> **Work to be completed**: Output only the stretch of the listing that starts at the line containing "Building Photo - Exceptional" and ends at the line containing "2024 Mercedes-Benz GLE GLE 350 4MATIC", reproduced exactly with both ends.
Material for the task below:
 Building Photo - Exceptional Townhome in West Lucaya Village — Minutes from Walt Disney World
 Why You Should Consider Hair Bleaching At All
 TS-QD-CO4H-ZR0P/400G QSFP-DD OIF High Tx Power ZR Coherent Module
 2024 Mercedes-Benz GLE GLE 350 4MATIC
End of Material for the task.
Material for the task below:
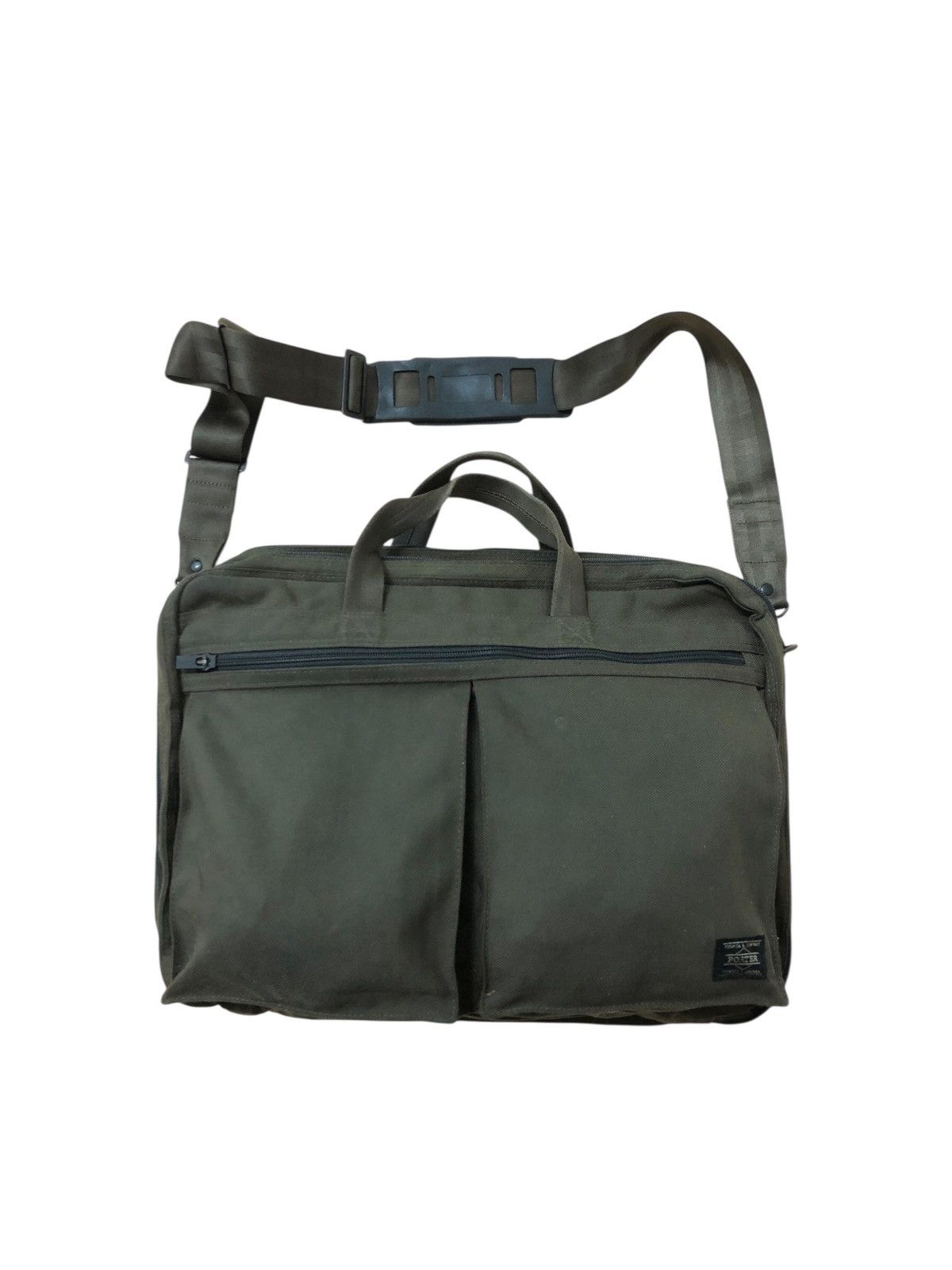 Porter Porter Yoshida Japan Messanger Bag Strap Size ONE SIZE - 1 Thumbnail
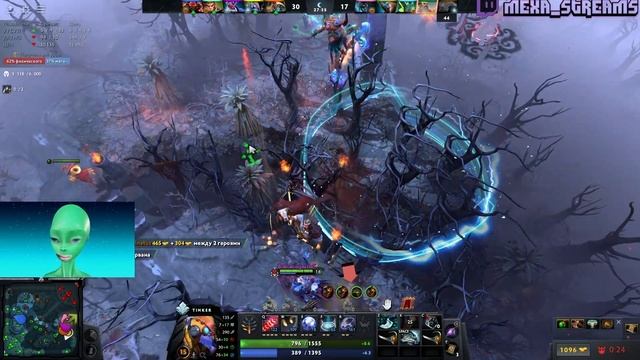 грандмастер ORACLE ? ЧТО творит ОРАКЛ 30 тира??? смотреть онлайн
End of Material for the task.
> **Task solution**:
 Building Photo - Exceptional Townhome in West Lucaya Village — Minutes from Walt Disney World
 Why You Should Consider Hair Bleaching At All
 TS-QD-CO4H-ZR0P/400G QSFP-DD OIF High Tx Power ZR Coherent Module
 2024 Mercedes-Benz GLE GLE 350 4MATIC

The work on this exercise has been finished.